Material shown
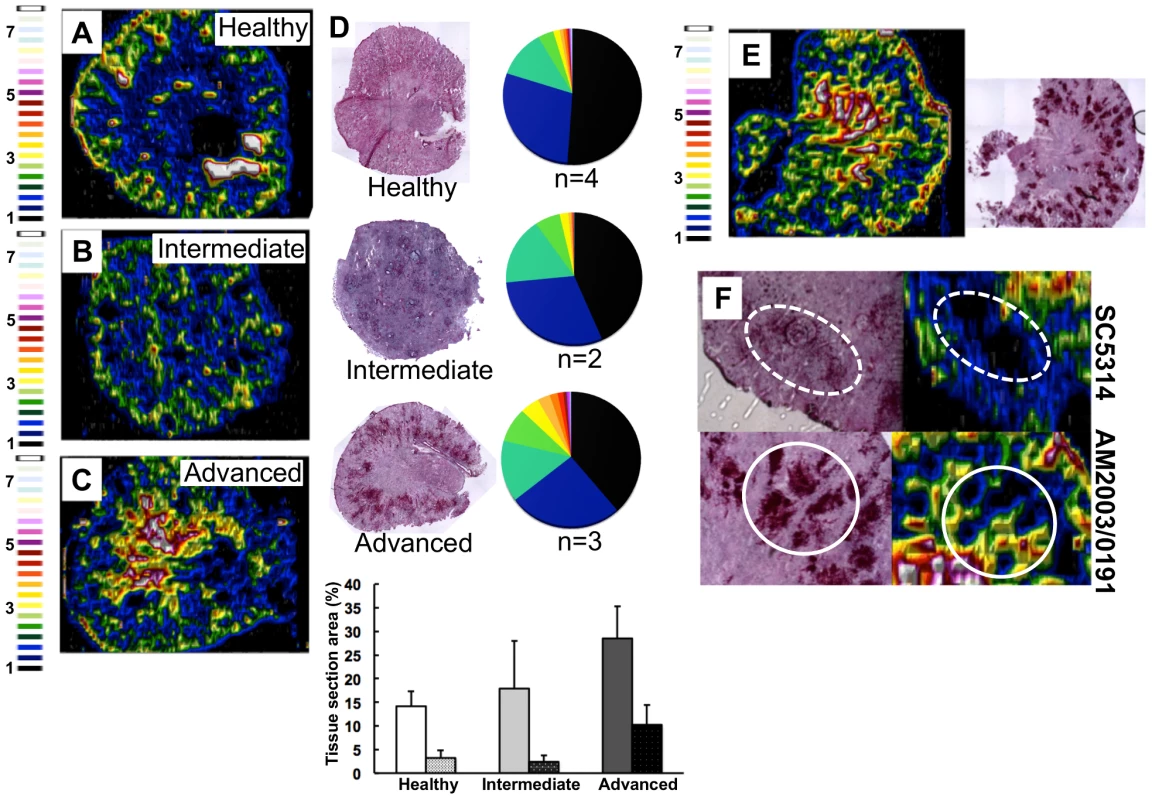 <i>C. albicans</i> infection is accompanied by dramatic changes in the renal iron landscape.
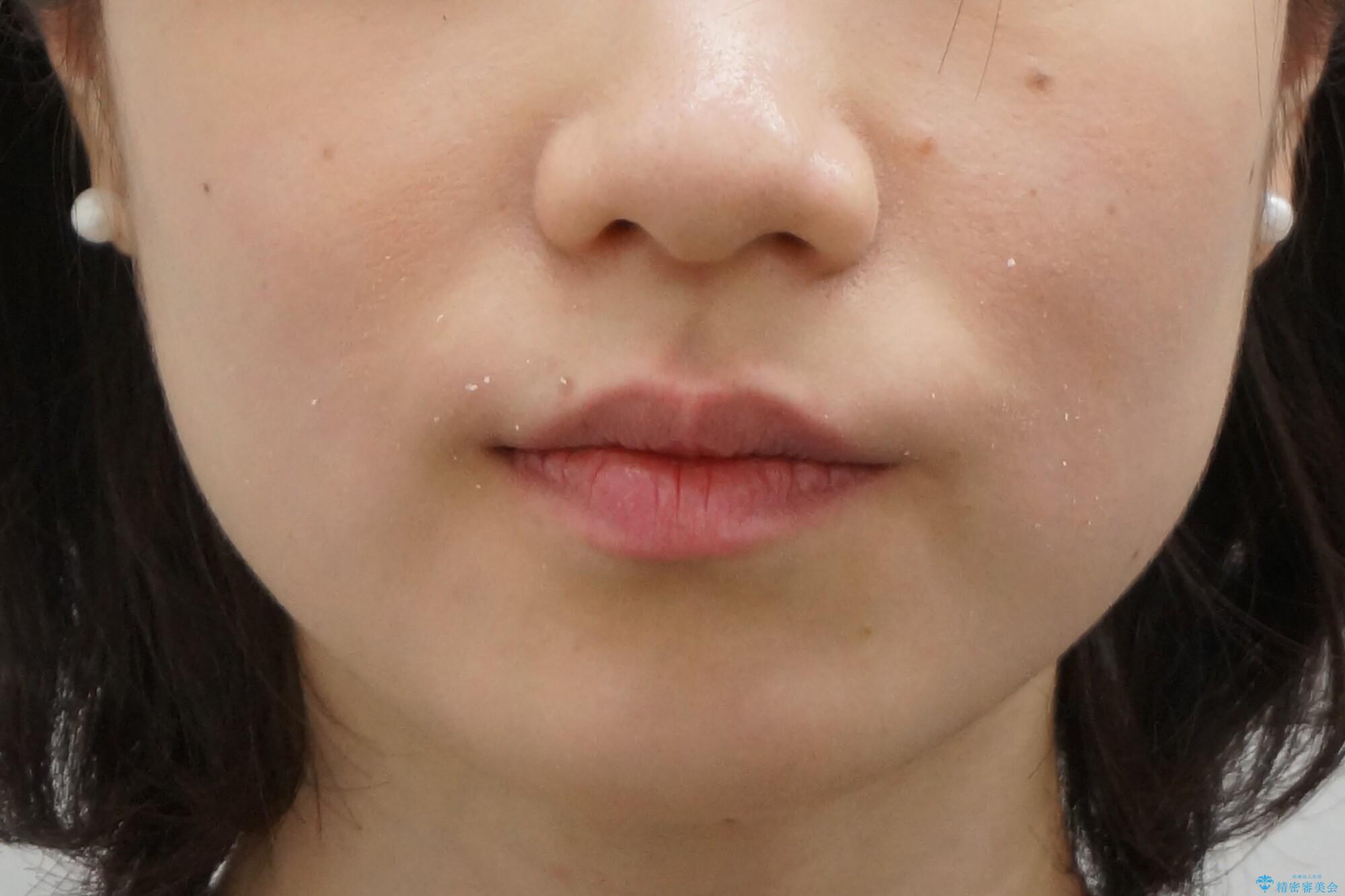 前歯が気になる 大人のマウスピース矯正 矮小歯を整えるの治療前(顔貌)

---

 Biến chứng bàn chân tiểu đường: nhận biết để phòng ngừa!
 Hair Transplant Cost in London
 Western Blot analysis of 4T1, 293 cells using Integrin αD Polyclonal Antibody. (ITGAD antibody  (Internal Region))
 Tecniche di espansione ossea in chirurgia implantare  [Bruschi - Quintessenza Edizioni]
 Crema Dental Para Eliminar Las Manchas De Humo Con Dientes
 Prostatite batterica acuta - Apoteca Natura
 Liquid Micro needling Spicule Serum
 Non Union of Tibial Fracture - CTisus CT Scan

The task
Your answer must consist solely of the lines above between the line holding "Hair Transplant Cost in London" and the line holding "Crema Dental Para", inclusive, copied exactly.

Answer to this problem
 Hair Transplant Cost in London
 Western Blot analysis of 4T1, 293 cells using Integrin αD Polyclonal Antibody. (ITGAD antibody  (Internal Region))
 Tecniche di espansione ossea in chirurgia implantare  [Bruschi - Quintessenza Edizioni]
 Crema Dental Para Eliminar Las Manchas De Humo Con Dientes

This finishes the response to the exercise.